Hemos confundido o amalgamado democracia y república. Deberían ser, y en muchos casos han sido, compatibles y complementarias, pero no son idénticas. La democracia es la tarea política de los ciudadanos; la república es el andamiaje institucional y legal que la hace posible. Pero la democracia corre siempre el peligro de corromperse en demagogia, y es entonces cuando república y democracia pueden volverse antitéticas. Por desgracia, es el caso de México. Hoy.
La república, invento de los romanos, responde en esencia a la pregunta: ¿cuáles son los límites que deben anteponerse al poder?

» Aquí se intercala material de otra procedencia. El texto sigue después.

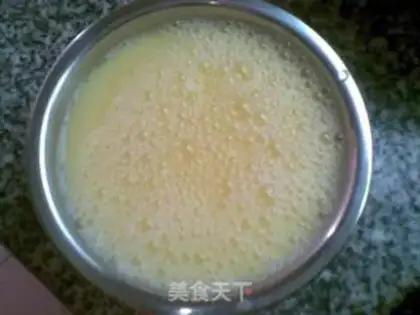 Make step 4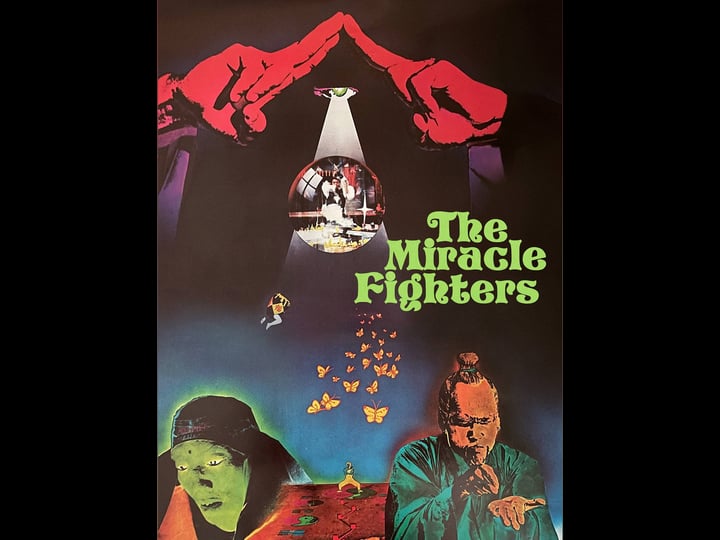 the-miracle-fighters-1258377-1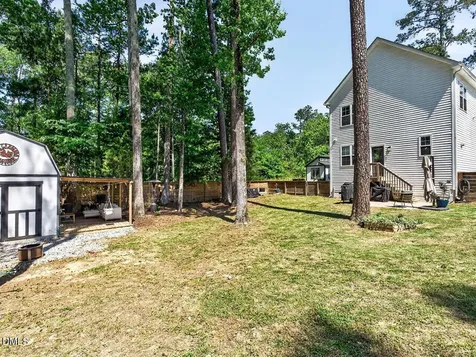 5192 Nc 56 Franklinton NC 27525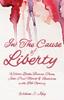 Книга In the Cause of Liberty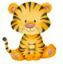 Picture of Tiger2
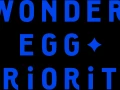 Wonder Egg Priorit|S01|FULL HD 1080p|CR|JK_Saitama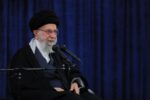 شهید رئیسی اجازه نمی‌داد دشمن با تهدید و تطمیع ایران را پای میز مذاکره بیاورد/حرف آمریکایی‌ها درباره اجازه غنی‌سازی ندادن غلط زیادی است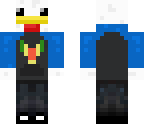 maverick chicken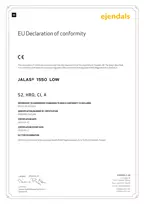 DOC_1550_A4.pdf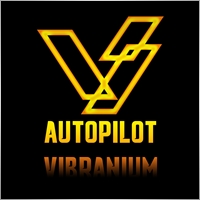 autopilot_vibranium
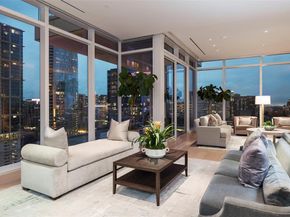1747  Leonard Street  1402, Dallas Texas 75201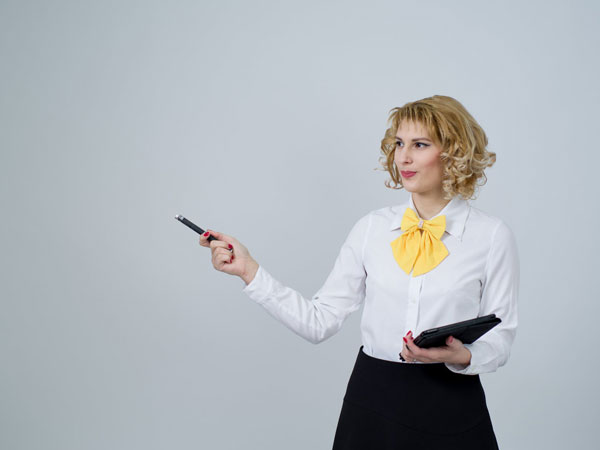 Types Of Teaching Employment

La respuesta: todos los necesarios. Temerosa de la tiranía de muchos y de uno, Roma discurrió la división tripartita de los poderes: Senado, Asambleas Legislativas y Magistrados ejecutivos (dos Cónsules, no uno, y renovables cada año). Ese orden republicano, trabajado a lo largo de cinco siglos, llevó el derecho y, con él, la civilización romana a todos los confines de aquel mundo. Finalmente se derrumbó a manos de un líder y su cauda popular. Lo siguió el Imperio que globalizó la ciudadanía y, en sus mejores momentos, bajo Augusto, Adriano o Marco Aurelio, rindió homenaje formal a la república. No obstante, en largos períodos predominaron los Calígula, Nerón o Cómodo, los endiosados del poder que pisotearon el legado histórico. Por desgracia, este es el caso de México. Hoy.
El régimen mexicano ha usado la democracia para acabar con la república. ¿Cómo lo ha hecho? Interpretando la democracia, con evidente mala fe, como la tácita voluntad del pueblo depositada en el régimen para hacer lo que le venga en gana, suprimiendo los derechos de la (inmensa) minoría.
Los voceros del régimen practican ad nauseam la falacia ad populum. A menudo se ponen etimológicos: «demos, pueblo; cratos, poder». O se sienten latinistas: «Vox populi, vox Dei». O sentenciosos: «El pueblo nunca se equivoca». En el fondo, su inspiración -acaso no involuntaria- es Carl Schmitt, el filósofo del nazismo: «la distinción específica de la política es la confrontación del amigo y el enemigo».
Cuando ese pueblo que nunca se equivoca llevó a Hitler al poder en 1933 y vio con regocijo la destrucción de la República de Weimar, Schmitt creyó ver convertida su doctrina en una profecía universal. Todos conocemos los resultados de aquella voz divina, de aquel demos alemán depositando el cratos en el Führer. Pero nadie piensa en ese desvarío del pueblo alemán como una hazaña de la democracia. Por desgracia, México vive su propio desvarío. Hoy.
Precisamente como una hazaña de la democracia se ha querido presentar ese acto de barbarie (cruelmente) llamado Reforma judicial. «El pueblo la pidió para acabar con la corrupción y el nepotismo», se proclama demagógicamente. Doble falacia: ¿dónde consta que «el pueblo» pidió la reforma? Y aun si así fuera, esa opinión no probaría la verdad sobre su pertinencia. Y, para colmo, el cinismo: el régimen que ha abusado del nepotismo y la corrupción lava su conciencia invocando al pueblo.
El endiosamiento del poder produce esos engendros. Grecia nunca recobró su democracia. Roma sacrificó por siempre a su república. Ahí, inverosímilmente, sin división de poderes ni respeto a la ley ni órganos autónomos, con las hordas del crimen a nuestras puertas, en el espectáculo del pan y circo, en el vasto reino de la mentira, precarias las libertades, desvirtuada la democracia, destruidas las instituciones republicanas, por desgracia, está México. Hoy.